Il est aujourd'hui un dogme absolu sur lequel s'accordent tous les hommes politiques, aussi bien de gauche que de droite, celui du zéro déficit des administrations publiques.

 Pour les hommes de gauche, ne pas faire de déficit est facile, il suffit d'augmenter les impôts des riches.

 Pour les hommes de droite, c'est également facile, il suffit de réduire les dépenses publiques.

 Du point de vue des déficits, François Hollande est incontestablement un homme de droite, puisque le « pacte de responsabilité » qu'il veut mettre en œuvre est une baisse des charges des entreprises compensée par une baisse des dépenses publiques.

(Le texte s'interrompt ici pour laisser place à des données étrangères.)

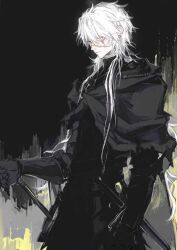 Rule 34 | 1boy, 2consullll, black background, black gloves, blind, closed mouth, gloves, highres, long hair, male focus, original, partially blind, scar, scar across eye, scar on face, solo, sword, twitter username, weapon, white hair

 Mais que l'on soit de gauche ou de droite, de quoi parle-t-on ? Il faudrait commencer par définir le déficit public.

 Le déficit public est l'excès des dépenses sur les recettes des administrations publiques. Il est évident que cet excès ne peut être financé que par l'emprunt, donc ce que l'on condamne en condamnant le déficit public, c'est l'emprunt public, et le dogme du zéro déficit public est le dogme du zéro emprunt public que l'on peut encore appelé zéro dette publique

 Mais est-il possible de n'avoir aucune dette publique ?

 Qu'on le veuille ou non, depuis la disparition définitive de la monnaie-or, c'est-à-dire pour la France depuis 1936, notre système économique est fondée sur la dette. Aujourd'hui la monnaie est toujours une dette de la banque, que cette dette soit matérialisée dans un billet de la banque centrale ou qu'elle soit simplement inscrite dans un compte au passif d'une banque commerciale. Cette monnaie-dette est pour sa plus grande part créée par un échange d'une dette ordinaire d'un agent non bancaire contre une dette-monnaie de la banque. Autrement dit si nous considérons un pays fermé1 (c'est-à-dire n'ayant aucun échange avec l'étranger) la masse monétaire circulant dans ce pays sera égale aux emprunts faits aux banques par les agents non bancaires de ce pays c'est-à-dire par ses ménages, ses entreprises et ses administrations publiques2.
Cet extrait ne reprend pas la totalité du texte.